Dans ces longues veillées qu’ils passent ainsi à la lueur d’une lampe pâle, au bruit du vent qui gronde, ils ont cherché à se créer une distraction, et ils l’ont trouvée dans leurs contes et leur poésie. Ils récitent ces contes en changeant de ton selon la nature des évènemens ou le caractère des personnages. C’est une espèce d’exercice déclamatoire, et la frayeur qu’ils excitent, le cri de surprise qui s’échappe de côté et d’autre au moment de la catastrophe, remplacent pour eux les bravos du parterre et l’éloge du journaliste. Beaucoup d’entre eux s’appliquent à étonner les auditeurs par l’habileté de leur récit, et l’on cite dans la paroisse un bon conteur comme on cite parmi nous un jeune premier ou un père noble. Leurs chants traditionnels n’ont pas moins d’importance.
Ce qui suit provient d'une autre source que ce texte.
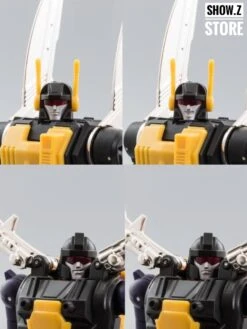 Mastermind Creations R-26 Malum Malitia Set Of 3 11 Mastermind Creations R-26 Malum Malitia Set Of 3 -Prime Collectibles Store 7408924cd1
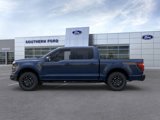 New 2025 Ford F150 Tremor w/ Equipment Group 402A High image 3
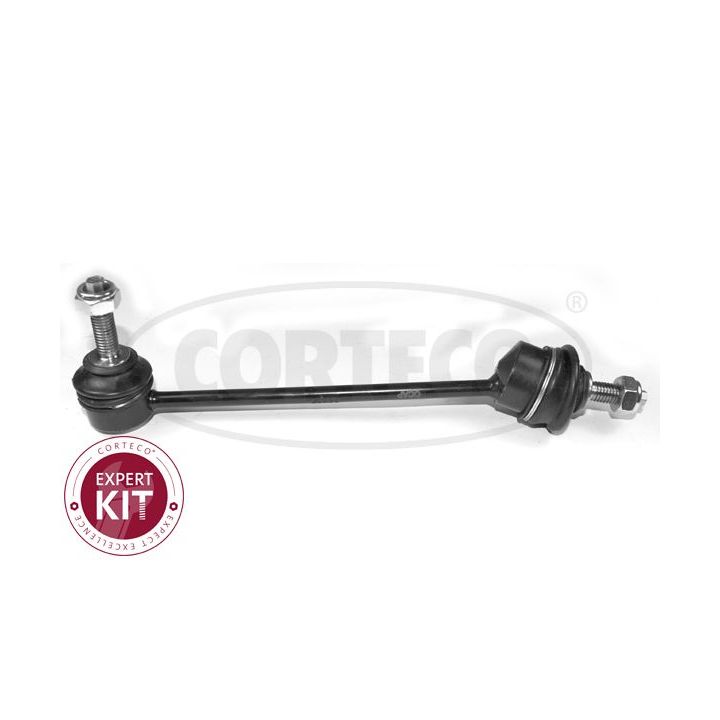 šarnyro stabilizatorius CORTECO 49396696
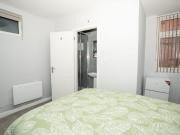 Room in a Shared House, Lincoln Street, LE2
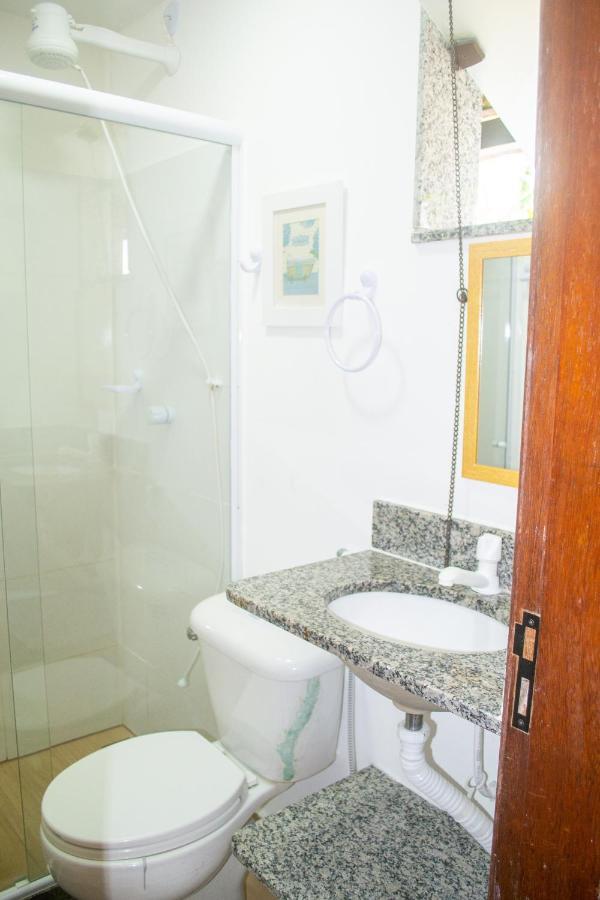 Recanto Das Flores - Kit 4 - Girassol Arraial do Cabo Zewnętrze zdjęcie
Les uns sont purement lyriques ; on les chante sur une mélodie simple, dont chacun répète le refrain ; d’autres sont dialogués, et par le fait qu’ils racontent, par la forme que le poète leur a donnée, ils ressemblent à des scènes de tragédie. Le plus souvent, cependant, ces chants ont le caractère épique. Ce sont des pages détachées d’une longue histoire, des fragmens de la vie morale, de la vie belliqueuse de tout un peuple. Il ne manque qu’un Homère pour en faire une Iliade.
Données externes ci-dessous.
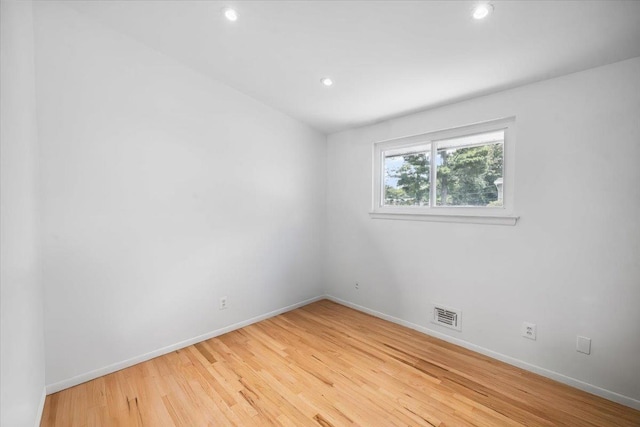 4 Tilda Ln, New City, NY 10956 - photo 24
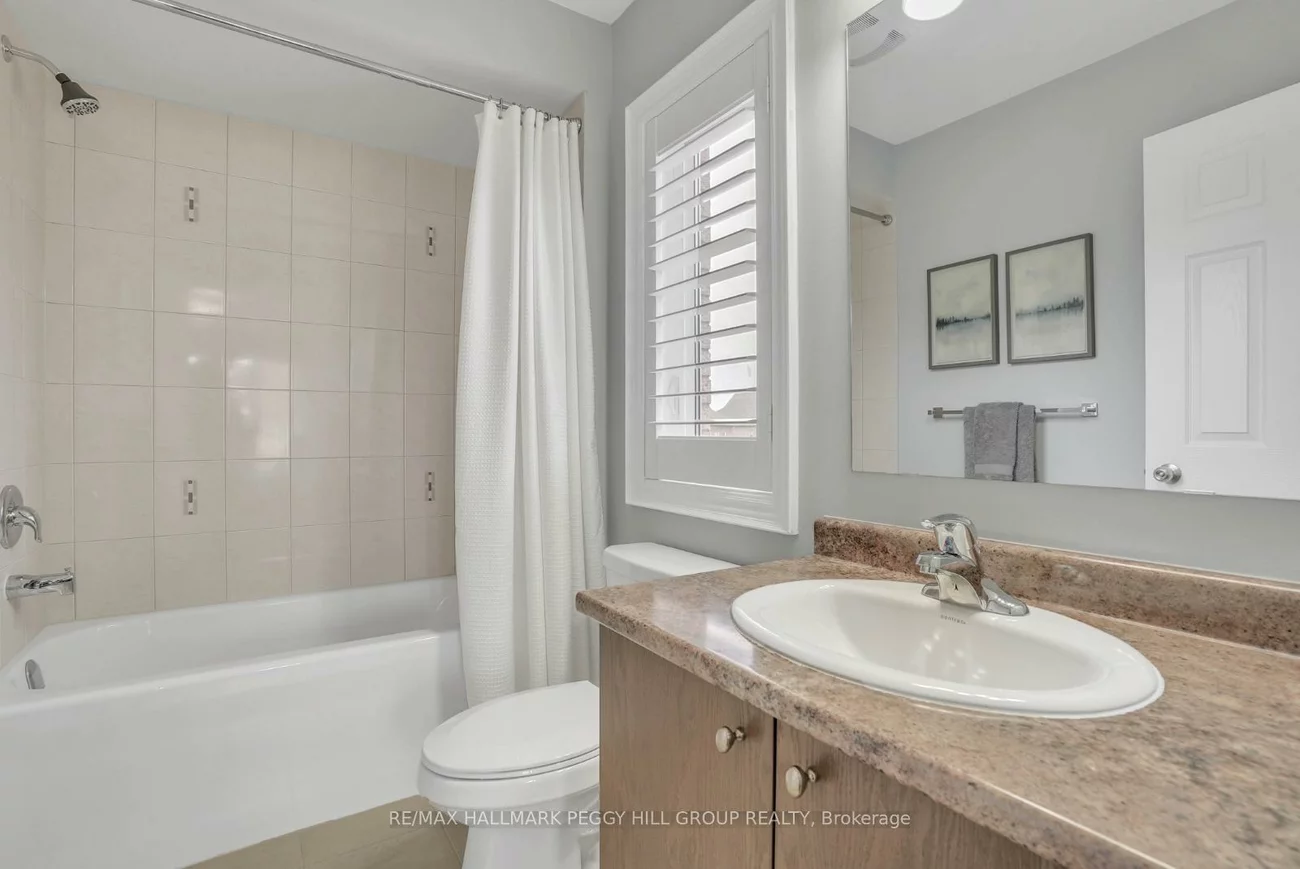 25, Copeland, Cookstown, Innisfil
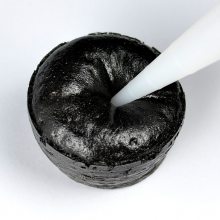 ۰ܷˮݽˮڰɫĭͷݼ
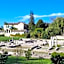 Hotel Le Blason de Provence
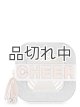 画像: ◆50％OFF◆クリアランスセール1790円→895円【Bath&BodyWorks】カーフレグランスホルダー(ベントクリップ付)：スパークリーチアー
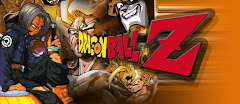 Dragon Ball Z Episode 201 s/d 291 Tamat [Streaming]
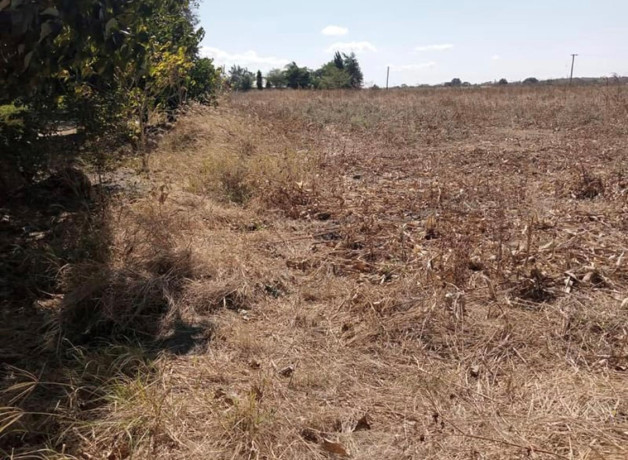 15-acre-plot-for-sale-in-ngwerere-big-2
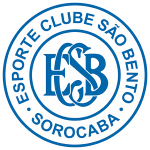 EC São Bento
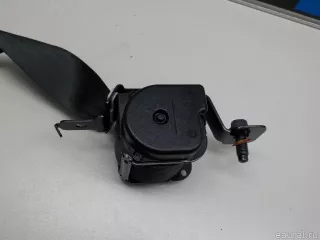 898103U200ED Ремень безопасности Kia Sportage 3 Арт E50083445, вид 6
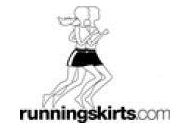 Running Skirts Coupon Codes September 2022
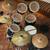 RARE! VINTAGE SONOR PERFORMER 5PC BEECH DRUM SET - GERMAN 1 thumbnail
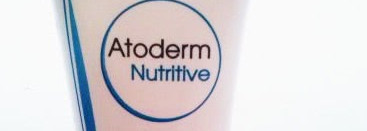 Защищаем личико в холода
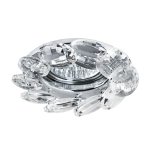 Светильник встраиваемый Lightstar 31904 Noce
Dans leur poésie populaire, les Danois ont de plus que les Suédois un chant particulier, connu sous le nom de lek. C’est celui-là surtout qui présente des intentions de jeu scénique. Le lek n’est parfois qu’un morceau fort court, destiné seulement à rassembler plusieurs personnages et à peindre diverses situations. C’est une espèce de libretto complété par la danse, par la pantomime, par la musique. Une société suédoise le prend et se distribue les rôles. Chacun est acteur dans cette comédie de famille, car ceux qui n’ont point de part au dialogue s’associent au chœur qui répète le refrain du lek ou aux danses qui l’accompagnent. Quelques-unes de ces petites pièces sont d’une nature burlesque. Les jeunes gens les jouent en faisant diverses contorsions. D’autres ont un caractère licencieux. Dans les contrées du Midi, elles ne pourraient être représentées sans danger. Dans le Nord, si une famille de paysans s’avise de les jouer, elles ne servent souvent qu’à prouver la pureté de ses mœurs. Enfin, il en est qui sont d’une nature tendre et gracieuse et d’une simplicité antique : tel est, par exemple, ce charmant lek de Vendela, où toutes les puissances de l’ame se montrent absorbées dans le sentiment de l’amour.

Une jeune fille est assise sur une chaise, la tête couverte d’un voile, les deux mains l’une près de l’autre, balançant le corps, comme si elle ramait. Plusieurs personnes passent en chantant, en dansant autour d’elle, et lui disent :

« Pourquoi es-tu assise là ? Pourquoi rames-tu ? pourquoi rames-tu, belle Vendela ?

LA JEUNE FILLE.

Il faut que je rame, il faut que je rame ; l’été vient, le gazon croît.